So whoever said that was wrong. The visa deposit is done at the airport literally to allow the passenger to land at the airport, then pick up the original visa, and then go to the immigration queue. If you have the original visa through courier, you are just making the process faster for yourself.


----------



## ninjamdv (Sep 6, 2017)

DXBGooner said:


> Hmm - just be careful on that already issued visa point as I can't say for certain if it's a direct read across to mine or what my firm did in the background as it was 100% their screw up so they got it fixed away from me, if you tried it may be extra costs. I'd push that point though given that your nationality means you'll be able to enter and switch.
> 
> Sounds good, I'm only a few months in myself so no expert but hopefully will be able to share some of my own pitfalls etc. By and large a great city but plenty of niggles as you're experiencing.


Right okay, makes sense. I'm still in contact with them but they're not backing down or negotiating so I might just get it couriered to me.

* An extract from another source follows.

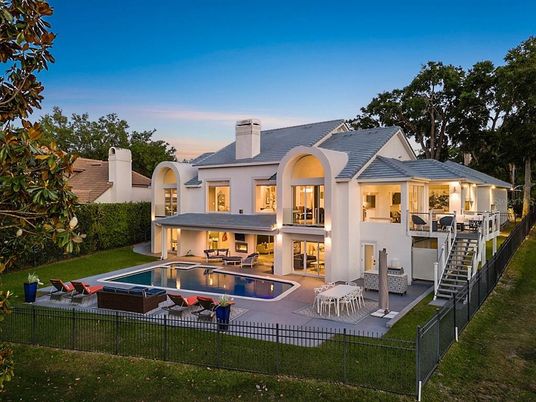 Backyard, Exterior, Pool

Oh okay, even better in that case if you're just starting out. Always good to meet people who are in a similar position.


----------



## ninjamdv (Sep 6, 2017)

rsinner said:


> So whoever said that was wrong. The visa deposit is done at the airport literally to allow the passenger to land at the airport, then pick up the original visa, and then go to the immigration queue. If you have the original visa through courier, you are just making the process faster for yourself.


Thanks for the info, that's good to hear. DHL looks to be charging 200 AED, which I might as well use to save 300 AED.


----------